I want to merge two dfs over 'Name' columns. However, one of them can be substring or exactly equal to other column. For this, I have used
df1 = pd.DataFrame(
{
'Name': ['12,5mg/0,333ml(37,5mg/ml)', 'ad', 'aaa'],
}
)
df2 = pd.DataFrame(
{
'Name': ['12,5mg/0,333ml(37,5mg/ml)', 'ad', 'aaaa'],
}
)
str_match = "({})".format("|".join(df1.Name))
df2.merge(df1,
left_on=df2.Name.str.extract(str_match)[0],
right_on="Name", how='outer')
'ad', 'aaa', 'aaaa' values are merged correctly. However, the problem occurs on the value '12,5mg/0,333ml(37,5mg/ml)' (most probably because of special characters). What I got with this code snippet
I have tried re.espace() but it did not help me. How can I solve this problem?
CodePudding user response:
You need to escape any special character.

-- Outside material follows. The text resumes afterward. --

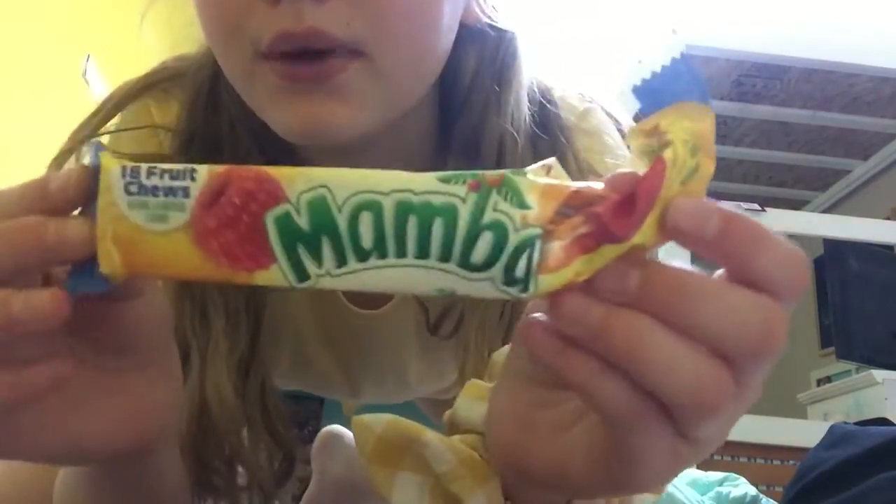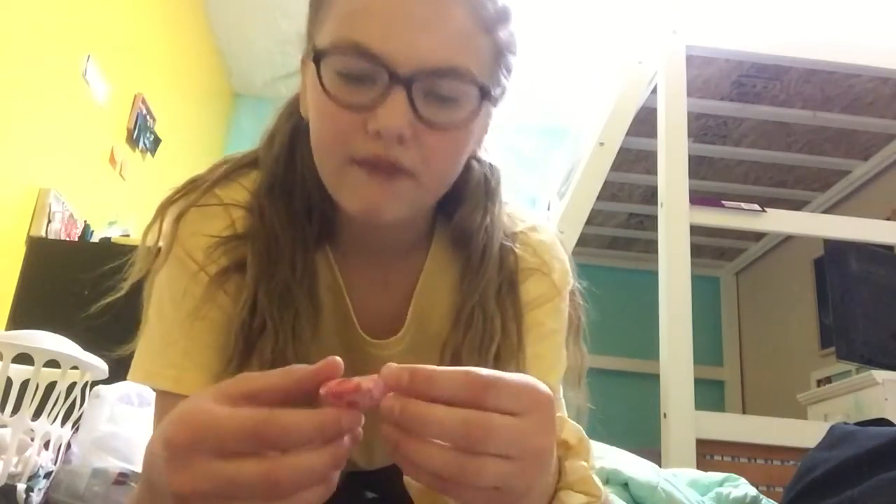Hi guys, welcome back to my channel! Today I decided to do something I've never done before — reacting to candy. This is a Mamba. I've had Mambas a long time ago, so I got this raspberry one. I already opened it — it's raspberry flavoring and they come in little itty bitty pieces.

I would also keep only distinct values of the escaped strings (to simplify the regex if there are many repeats) and compile the pattern beforehand:
pattern = re.compile('({})'.format(
'|'.join(pd.unique(df1.Name.apply(re.escape)))
))
out = df2.merge(
df1,
left_on=df2.Name.str.extract(pattern)[0],
right_on="Name", how='outer')
>>> out
Name Name_x Name_y
0 12,5mg/0,333ml(37,5mg/ml) 12,5mg/0,333ml(37,5mg/ml) 12,5mg/0,333ml(37,5mg/ml)
1 ad ad ad
2 aaa aaaa aaa
CodePudding user response:
I think what you want to do is:
str_match = "({})".format("|".join(df1.Name))
df1.merge(df2['Name'], how='outer',
left_on=df1['Name'].str.extract(str_match, expand=False)[0],
right_on=df2['Name'].str.extract(str_match, expand=False)[0],
).drop(columns='key_0')
which gives:
Name_x Name_y
0 12,5mg/0,333ml(37,5mg/ml) 12,5mg/0,333ml(37,5mg/ml)
1 ad ad
2 aaa aaaa